Entries taken from a collection:
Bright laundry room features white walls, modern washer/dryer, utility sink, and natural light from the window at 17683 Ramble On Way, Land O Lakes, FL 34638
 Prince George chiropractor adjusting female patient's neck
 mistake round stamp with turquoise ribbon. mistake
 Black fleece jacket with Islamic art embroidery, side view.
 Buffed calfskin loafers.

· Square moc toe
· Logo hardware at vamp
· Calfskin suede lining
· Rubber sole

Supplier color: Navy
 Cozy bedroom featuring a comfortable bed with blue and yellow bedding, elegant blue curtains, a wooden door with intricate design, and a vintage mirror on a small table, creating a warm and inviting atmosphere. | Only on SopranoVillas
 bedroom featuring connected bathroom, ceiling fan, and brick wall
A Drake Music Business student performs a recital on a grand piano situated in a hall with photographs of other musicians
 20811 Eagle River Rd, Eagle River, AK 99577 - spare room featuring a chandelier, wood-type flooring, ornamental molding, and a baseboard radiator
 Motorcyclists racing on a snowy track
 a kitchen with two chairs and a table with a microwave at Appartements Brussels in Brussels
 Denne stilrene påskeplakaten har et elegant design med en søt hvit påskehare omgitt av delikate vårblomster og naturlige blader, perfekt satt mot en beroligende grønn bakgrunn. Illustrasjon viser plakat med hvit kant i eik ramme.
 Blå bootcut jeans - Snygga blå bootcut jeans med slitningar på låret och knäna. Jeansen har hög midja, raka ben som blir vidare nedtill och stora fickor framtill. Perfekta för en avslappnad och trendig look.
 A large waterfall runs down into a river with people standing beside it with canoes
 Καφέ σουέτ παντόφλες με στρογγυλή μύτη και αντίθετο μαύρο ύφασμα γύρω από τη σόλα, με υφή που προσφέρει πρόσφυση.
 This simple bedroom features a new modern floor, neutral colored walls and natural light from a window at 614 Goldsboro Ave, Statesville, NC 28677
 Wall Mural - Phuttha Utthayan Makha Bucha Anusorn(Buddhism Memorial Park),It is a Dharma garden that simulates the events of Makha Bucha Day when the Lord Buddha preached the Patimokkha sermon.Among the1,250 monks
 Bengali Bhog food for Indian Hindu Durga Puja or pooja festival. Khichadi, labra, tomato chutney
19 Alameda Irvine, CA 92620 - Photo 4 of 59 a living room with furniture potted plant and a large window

WORK TO BE COMPLETED:
Copy out only the lines above from the one with "Motorcyclists racing on a snowy track" to the one with "Denne stilrene påskeplakaten", inclusive, exactly as they stand.

EXERCISE SOLUTION:
 Motorcyclists racing on a snowy track
 a kitchen with two chairs and a table with a microwave at Appartements Brussels in Brussels
 Denne stilrene påskeplakaten har et elegant design med en søt hvit påskehare omgitt av delikate vårblomster og naturlige blader, perfekt satt mot en beroligende grønn bakgrunn. Illustrasjon viser plakat med hvit kant i eik ramme.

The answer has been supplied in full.